RWE replaces top management at UK unit after operations problems
Npower Chief Executive Paul Massara will be replaced by Paul Coffey, who now serves as chief operating officer, effective September 30.
Npower’s German owner RWE took the decision after the UK business lost 300,000 customers in the past year and suffered operating profits by 60% in the first half of the year, but maintained the pair were leaving “on their own wishes and by mutual agreement”. Npower Chief Financial Officer Jens Madrian is also departing, and will be succeeded by Martin Miklas, now CFO at RWE Polska.
“At this time we need a CEO at RWE npower who knows the processes and has a sense for what can be done”, RWE Chief Executive Peter Terium said in a statement.

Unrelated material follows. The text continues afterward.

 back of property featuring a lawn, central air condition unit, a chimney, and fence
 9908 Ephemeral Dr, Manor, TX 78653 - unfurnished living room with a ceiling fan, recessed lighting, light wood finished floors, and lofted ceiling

The poor results were partly blamed on a defective billing system that the company admitted may not be fixed until 2017, with regulator Ofgem having launched an investigation into the failings and expected to issue hefty fines.
The firm said earlier this month that first half profits had fallen 65% to £38 million during a “very tough” period.
German utility RWE named Paul Coffey as the new chief of its British unit npower, hoping to accelerate a turnaround of the business which has emerged as the ailing utility’s latest operational nuisance.
Coffey, 45, has been with RWE since 2003 and joined npower this year from RWE’s renewable unit Innogy, where he also held the position of COO.
“I am looking forward to working with my management team, those already in npower and those joining, as we build on the foundations already laid to refocus our efforts to improve our performance”.
Coffey has been with the RWE Group since its entry into the UK energy market in 2003.
RWE said it aimed “to overcome the problems at the UK supply subsidiary by the end of 2016”.